Maybe invalidate_cancelled_tds() should bail out if SET_DEQ_PENDING
and later Set Deq completion handler should unconditionally call the
invalidate/giveback combo before it exits.
I think you are on to something.
If we add invalidate/givaback to Set TR deq completion handler, allowing
it to possible queue new Set TR Deq commands, then we can bail out in
xhci_urb_dequeue() if SET_DEQ_PENDING is set.

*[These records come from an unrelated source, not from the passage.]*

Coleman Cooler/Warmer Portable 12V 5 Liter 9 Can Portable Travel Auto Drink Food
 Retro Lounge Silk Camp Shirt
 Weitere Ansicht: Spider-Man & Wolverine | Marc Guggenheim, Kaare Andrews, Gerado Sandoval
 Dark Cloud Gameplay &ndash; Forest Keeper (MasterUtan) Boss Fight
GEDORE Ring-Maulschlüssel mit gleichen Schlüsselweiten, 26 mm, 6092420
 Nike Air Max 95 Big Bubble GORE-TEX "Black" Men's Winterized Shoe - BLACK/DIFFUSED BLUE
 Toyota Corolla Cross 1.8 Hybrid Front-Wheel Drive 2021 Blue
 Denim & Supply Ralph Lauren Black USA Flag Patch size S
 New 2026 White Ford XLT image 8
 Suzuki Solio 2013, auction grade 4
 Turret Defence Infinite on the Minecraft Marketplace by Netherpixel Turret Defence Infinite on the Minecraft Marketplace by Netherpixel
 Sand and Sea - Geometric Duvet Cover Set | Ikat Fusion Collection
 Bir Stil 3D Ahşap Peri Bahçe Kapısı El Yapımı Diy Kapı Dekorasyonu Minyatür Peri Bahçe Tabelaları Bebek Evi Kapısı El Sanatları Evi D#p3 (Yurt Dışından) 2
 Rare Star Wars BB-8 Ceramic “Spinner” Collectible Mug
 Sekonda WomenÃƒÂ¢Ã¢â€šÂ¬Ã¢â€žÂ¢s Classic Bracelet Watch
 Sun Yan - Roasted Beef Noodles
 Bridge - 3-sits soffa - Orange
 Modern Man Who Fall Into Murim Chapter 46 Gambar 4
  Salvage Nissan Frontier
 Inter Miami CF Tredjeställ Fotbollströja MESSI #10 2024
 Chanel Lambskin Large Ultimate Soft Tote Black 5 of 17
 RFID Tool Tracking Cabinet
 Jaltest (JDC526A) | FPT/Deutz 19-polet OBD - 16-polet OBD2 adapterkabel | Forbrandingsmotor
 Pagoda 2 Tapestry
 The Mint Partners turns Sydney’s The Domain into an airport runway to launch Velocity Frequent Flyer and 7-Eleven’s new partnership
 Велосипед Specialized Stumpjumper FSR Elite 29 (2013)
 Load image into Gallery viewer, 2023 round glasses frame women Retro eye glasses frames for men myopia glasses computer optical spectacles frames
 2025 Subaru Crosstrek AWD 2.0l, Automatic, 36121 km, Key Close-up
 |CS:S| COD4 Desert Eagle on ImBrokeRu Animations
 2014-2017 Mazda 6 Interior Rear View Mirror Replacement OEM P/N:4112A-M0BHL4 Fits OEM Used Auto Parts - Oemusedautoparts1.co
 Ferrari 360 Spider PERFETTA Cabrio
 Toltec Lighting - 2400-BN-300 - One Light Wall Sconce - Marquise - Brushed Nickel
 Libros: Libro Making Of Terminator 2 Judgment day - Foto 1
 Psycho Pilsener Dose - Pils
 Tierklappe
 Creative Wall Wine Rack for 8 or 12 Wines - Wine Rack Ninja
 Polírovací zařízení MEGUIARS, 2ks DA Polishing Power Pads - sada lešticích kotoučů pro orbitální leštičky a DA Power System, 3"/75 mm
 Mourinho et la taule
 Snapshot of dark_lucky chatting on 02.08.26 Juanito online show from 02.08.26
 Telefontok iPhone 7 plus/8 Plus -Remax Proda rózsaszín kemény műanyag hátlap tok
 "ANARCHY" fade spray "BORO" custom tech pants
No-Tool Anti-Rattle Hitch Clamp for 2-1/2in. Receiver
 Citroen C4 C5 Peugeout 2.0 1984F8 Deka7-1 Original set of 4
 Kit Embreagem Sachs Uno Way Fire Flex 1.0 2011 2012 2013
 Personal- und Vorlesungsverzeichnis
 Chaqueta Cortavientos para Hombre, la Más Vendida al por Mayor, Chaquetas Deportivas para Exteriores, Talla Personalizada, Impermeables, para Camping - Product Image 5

xhci_urb_dequeue() would not queue a extra stop endpoint command, only
set td->cancel_status to TD_DIRTY dirty, and Set TR Deq handler would
not ring the doorbell unnecessary.
Sounds like a plan to ne.
I wrote a testseries for this.
1st patch avoids stopping endpoint in urb cancel if Set TR Deq is pending
2nd patch handles Set TR Deq command ctx error due to running ep.
3rd patch tracks doorbell ring with a flag. It's for now only used to prevent
infinite stop ep retries. Flag is not properly cleared in other cases.
Series can be found in my tree in a fix_stop_ep_race branch:
https://git.kernel.org/pub/scm/linux/kernel/git/mnyman/xhci.git/log/?h=fix_stop_ep_race
git://git.kernel.org/pub/scm/linux/kernel/git/mnyman/xhci.git fix_stop_ep_race branch
Do these help in your NEC host case?
I'll see if I can set up some system to trigger this myself
Thanks
Mathias